WHAT YOU SHOULD DO:
With the pictures left out, restate exactly the part below that opens with the line containing "Suitable for Chery" and closes with the line containing "Jamaica Stock Exchange".

Short descriptive text snippets:
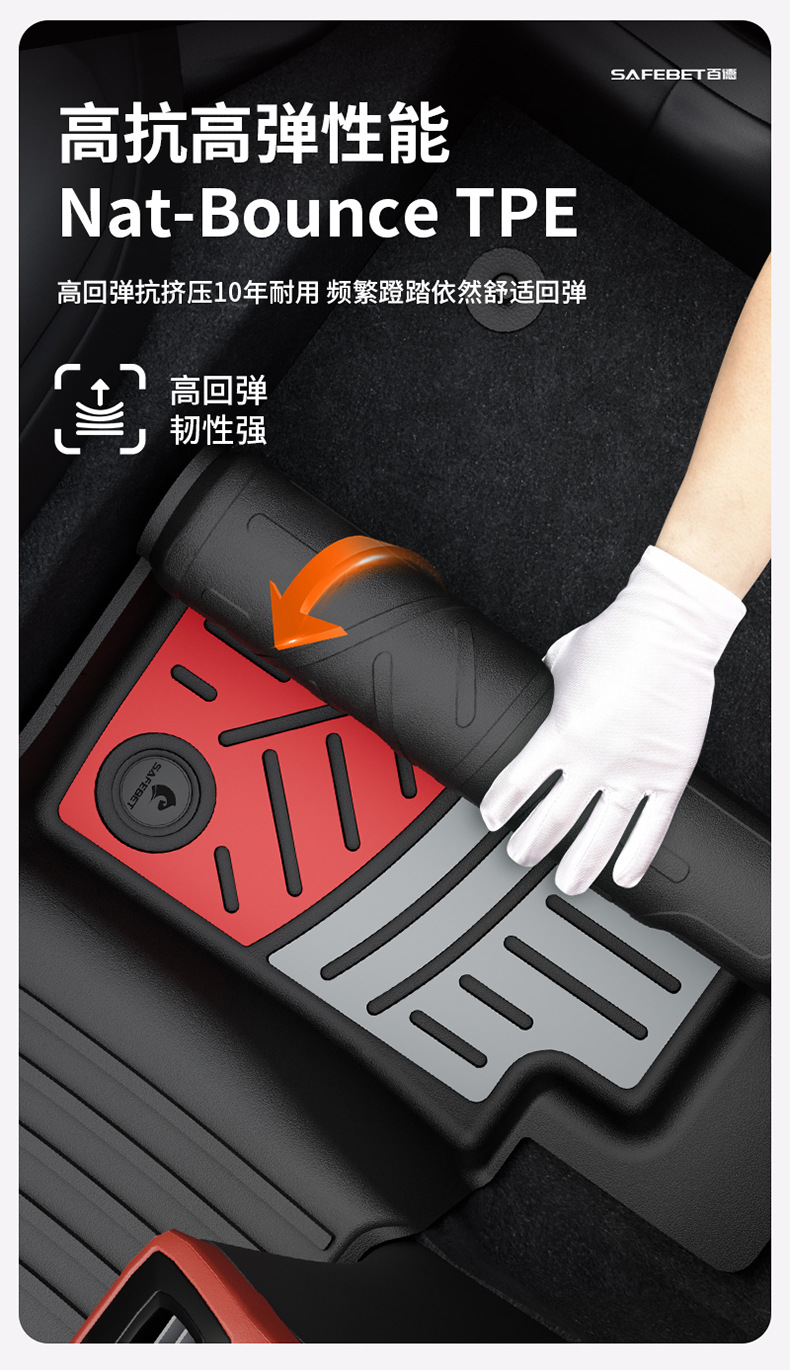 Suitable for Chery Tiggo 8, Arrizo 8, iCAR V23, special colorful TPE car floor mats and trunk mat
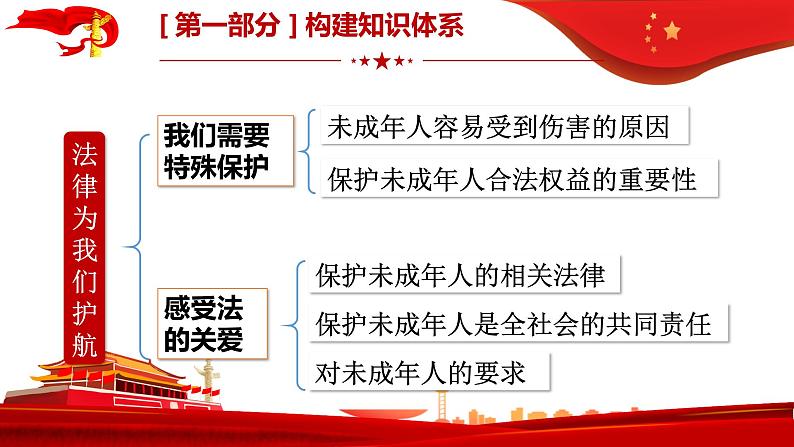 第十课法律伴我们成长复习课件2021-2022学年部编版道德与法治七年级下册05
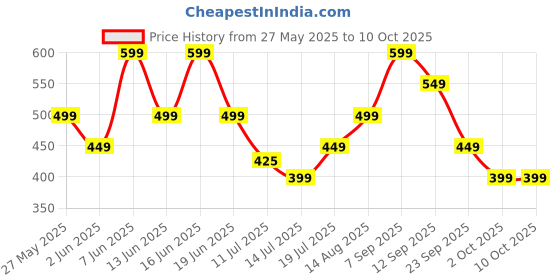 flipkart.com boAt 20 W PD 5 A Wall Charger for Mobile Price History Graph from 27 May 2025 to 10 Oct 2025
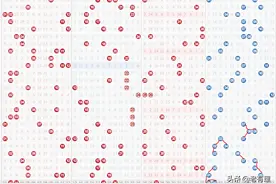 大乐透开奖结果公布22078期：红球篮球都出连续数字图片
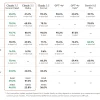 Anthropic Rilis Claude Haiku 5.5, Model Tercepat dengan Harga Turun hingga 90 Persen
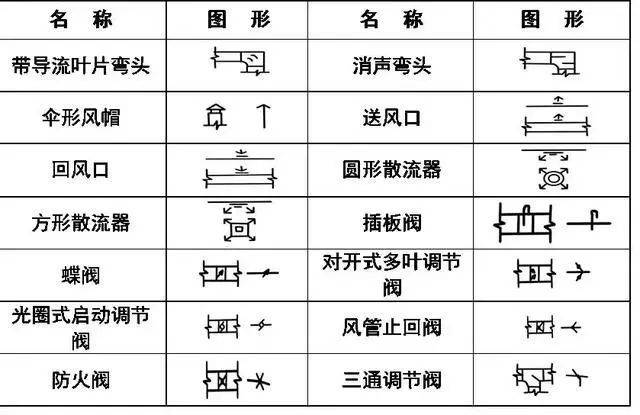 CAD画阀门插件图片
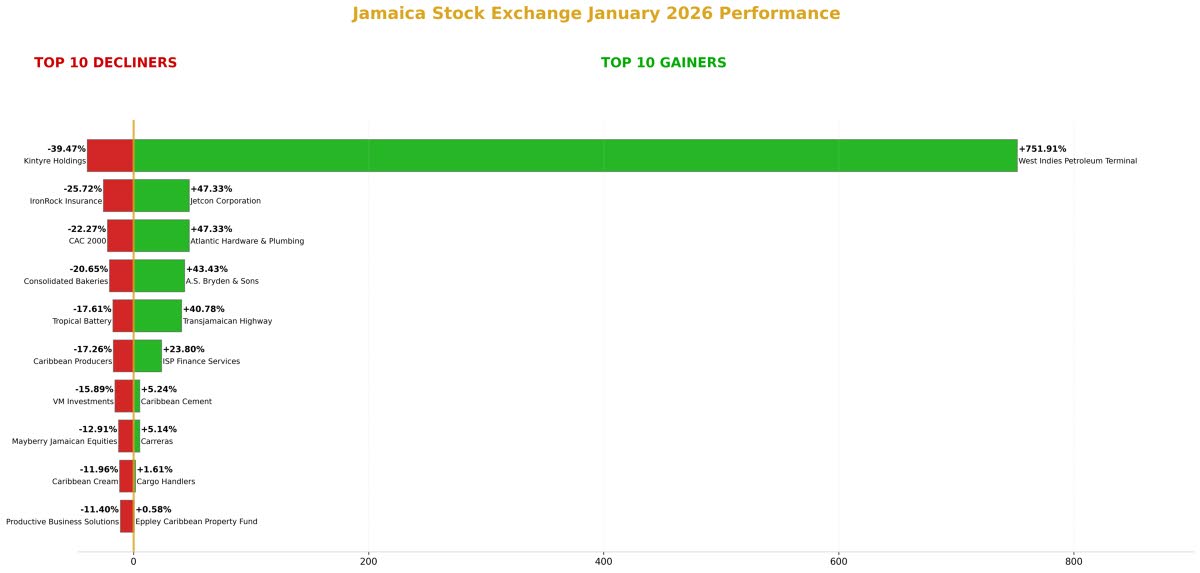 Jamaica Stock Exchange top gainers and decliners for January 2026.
---
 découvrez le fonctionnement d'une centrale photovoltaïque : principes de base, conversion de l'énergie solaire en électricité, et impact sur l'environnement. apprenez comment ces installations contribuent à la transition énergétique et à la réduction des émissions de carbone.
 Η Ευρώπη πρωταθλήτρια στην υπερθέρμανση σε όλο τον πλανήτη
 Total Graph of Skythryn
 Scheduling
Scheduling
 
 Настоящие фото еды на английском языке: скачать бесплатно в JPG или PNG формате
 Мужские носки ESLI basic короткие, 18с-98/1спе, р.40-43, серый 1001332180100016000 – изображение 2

REPLY TO THE TASK:
 Suitable for Chery Tiggo 8, Arrizo 8, iCAR V23, special colorful TPE car floor mats and trunk mat
 第十课法律伴我们成长复习课件2021-2022学年部编版道德与法治七年级下册05
 flipkart.com boAt 20 W PD 5 A Wall Charger for Mobile Price History Graph from 27 May 2025 to 10 Oct 2025
 大乐透开奖结果公布22078期：红球篮球都出连续数字图片
 Anthropic Rilis Claude Haiku 5.5, Model Tercepat dengan Harga Turun hingga 90 Persen
 CAD画阀门插件图片
 Jamaica Stock Exchange top gainers and decliners for January 2026.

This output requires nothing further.